• **RAW DATA**

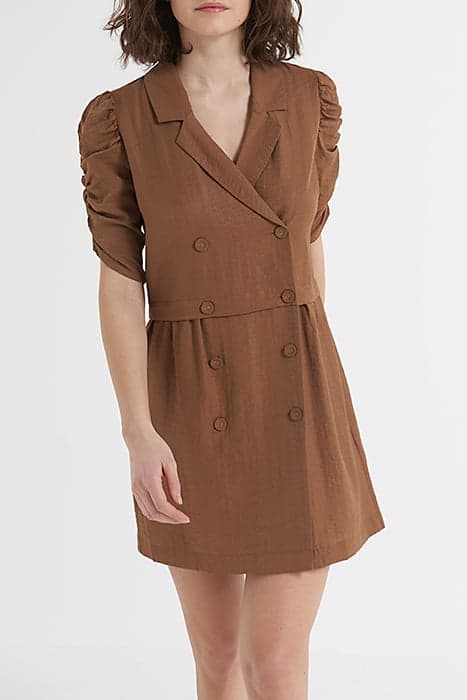 FAWN WRAP DRESS WITH GATHERED SLEEVES FAUVE by ICODE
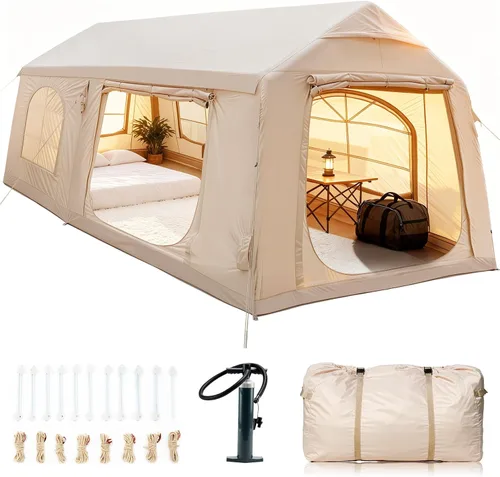 Vista 12 de Inflatable Tents for Camping, Blow Up Tent with Hand Pump, Easy Setup Inflatable Hot Tent with Stove Jack, Waterproof Oxford Air Glamping Tents for
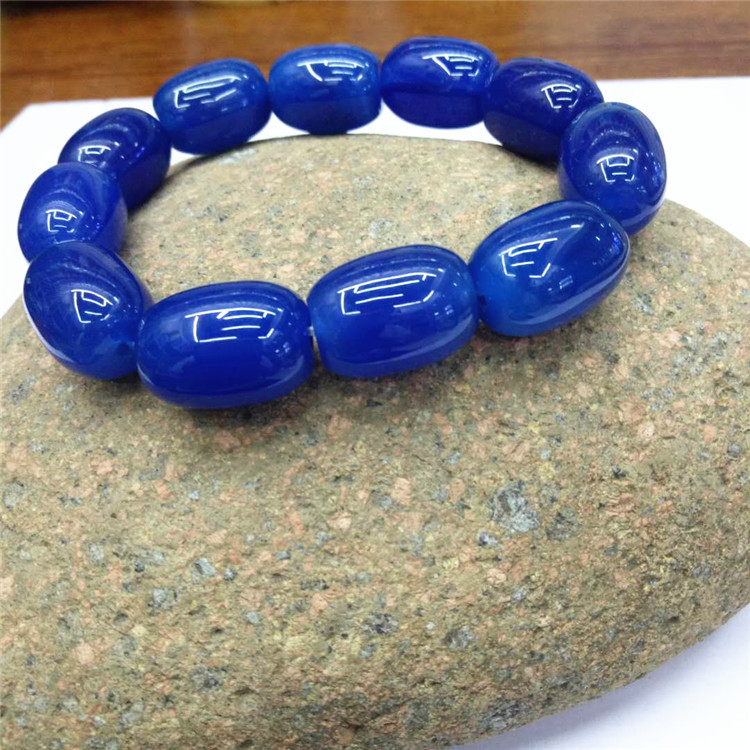 The new popular jewelry, natural blue agate bucket bead bracelet, DIY drum bead and natural stone bracelet, is selling well pic 3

• **WHAT IS BEING ASKED**
All of the data should come back exactly as written, but without pictures.

• **TASK RESPONSE**
 FAWN WRAP DRESS WITH GATHERED SLEEVES FAUVE by ICODE
 Vista 12 de Inflatable Tents for Camping, Blow Up Tent with Hand Pump, Easy Setup Inflatable Hot Tent with Stove Jack, Waterproof Oxford Air Glamping Tents for
 The new popular jewelry, natural blue agate bucket bead bracelet, DIY drum bead and natural stone bracelet, is selling well pic 3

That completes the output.